NTF Awarded 2023 ARIN Community Grant

September 11, 2023 by Dru Lavigne

The NTP Project at Network Time Foundation is thrilled to be a recipient of a 2023 ARIN Community Grant for the creation of an NTP TCP Services Daemon. The American Registry for Internet Numbers (ARIN) is a nonprofit, member-based organization that supports the operation and growth of the Internet.

Network Time Protocol (NTP) is a UDP-based system to distribute and synchronize time on network devices. While the User Datagram Protocol (UDP) is the best-known choice for time synchronization on general networks, it is not a great choice for access, authentication, key exchange, management, monitoring, or several other functions. TCP-based communications are a better choice for these.

Harlan Stenn, Project Manager for the NTP Project says that “the team has been contemplating how to best use Transmission Control Protocol (TCP) to implement the aforementioned functions for many years’ time, and its development and deployment have been waiting for the resources to make it happen”.

The goal of this funded effort is to provide a basic TCP-based framework service that acts as a broker between the NTP Project’s Reference Implementation and subscribed NTP servers, and external monitoring and management agents and NTP clients. Once this basic framework is in place, additional work will be done to add a variety of new features.

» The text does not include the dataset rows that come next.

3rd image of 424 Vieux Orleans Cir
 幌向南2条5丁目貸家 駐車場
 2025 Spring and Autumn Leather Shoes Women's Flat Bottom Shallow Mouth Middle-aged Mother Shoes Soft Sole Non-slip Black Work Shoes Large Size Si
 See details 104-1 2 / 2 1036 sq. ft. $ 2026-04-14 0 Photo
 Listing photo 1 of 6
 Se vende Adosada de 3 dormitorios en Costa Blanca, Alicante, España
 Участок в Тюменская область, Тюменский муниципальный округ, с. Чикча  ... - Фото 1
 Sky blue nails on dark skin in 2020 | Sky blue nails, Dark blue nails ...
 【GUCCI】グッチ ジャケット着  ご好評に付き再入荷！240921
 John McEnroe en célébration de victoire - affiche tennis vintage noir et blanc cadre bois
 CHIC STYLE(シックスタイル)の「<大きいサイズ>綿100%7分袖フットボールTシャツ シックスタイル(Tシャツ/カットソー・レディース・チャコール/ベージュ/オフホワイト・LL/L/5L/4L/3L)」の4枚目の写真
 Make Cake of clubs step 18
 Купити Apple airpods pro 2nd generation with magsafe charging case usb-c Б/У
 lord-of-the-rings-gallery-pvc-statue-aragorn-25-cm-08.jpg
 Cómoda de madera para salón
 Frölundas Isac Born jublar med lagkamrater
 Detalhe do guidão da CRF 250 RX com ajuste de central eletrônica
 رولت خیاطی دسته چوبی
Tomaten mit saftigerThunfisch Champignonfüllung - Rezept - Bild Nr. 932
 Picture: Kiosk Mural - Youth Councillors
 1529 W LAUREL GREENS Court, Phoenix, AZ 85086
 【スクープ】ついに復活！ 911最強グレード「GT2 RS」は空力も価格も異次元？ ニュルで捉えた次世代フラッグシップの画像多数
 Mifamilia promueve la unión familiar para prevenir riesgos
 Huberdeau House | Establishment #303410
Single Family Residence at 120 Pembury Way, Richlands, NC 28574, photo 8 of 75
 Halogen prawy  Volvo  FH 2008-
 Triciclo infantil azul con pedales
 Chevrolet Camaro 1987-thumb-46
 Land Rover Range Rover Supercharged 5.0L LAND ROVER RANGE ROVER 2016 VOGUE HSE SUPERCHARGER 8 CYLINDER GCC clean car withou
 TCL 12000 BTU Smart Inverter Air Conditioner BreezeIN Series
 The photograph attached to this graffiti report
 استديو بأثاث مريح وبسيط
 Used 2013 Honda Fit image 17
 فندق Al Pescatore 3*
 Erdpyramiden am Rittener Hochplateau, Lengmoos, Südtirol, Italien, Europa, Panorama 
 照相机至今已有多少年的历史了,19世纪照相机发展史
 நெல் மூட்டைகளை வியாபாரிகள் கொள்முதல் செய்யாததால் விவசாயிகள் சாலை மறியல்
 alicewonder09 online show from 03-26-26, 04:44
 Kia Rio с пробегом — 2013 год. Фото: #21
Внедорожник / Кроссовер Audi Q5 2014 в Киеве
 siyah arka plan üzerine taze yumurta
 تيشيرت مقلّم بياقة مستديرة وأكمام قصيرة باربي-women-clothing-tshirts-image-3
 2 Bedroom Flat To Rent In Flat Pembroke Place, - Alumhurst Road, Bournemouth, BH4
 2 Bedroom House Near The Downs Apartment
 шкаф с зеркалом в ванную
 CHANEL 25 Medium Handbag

This work facilitates the eventual means to:

  1. securely authenticate to the services broker,
  2. obtain different levels of authorization for services,
  3. monitor the behavior of subscribed ntpd instances,
  4. allow systems and network administrators to manage subscribed ntpd instances, and
  5. efficiently negotiate ephemeral keys to be used to authenticate and secure NTP transactions between NTP clients and subscribed NTP servers. It will allow for easily adding additional functionality as needs arise.

Direct beneficiaries of this work include those responsible for timekeeping in their organization, monitoring and compliance teams, time service operators, and their client populations.

Indirect beneficiaries of this work include downstream users who rely on any systems that synchronize time with NTP.

Accurate and synchronized time is critical to logging/SCADA, any systems that additionally require monotonic time (database and other reservation-oriented systems), and many other applications.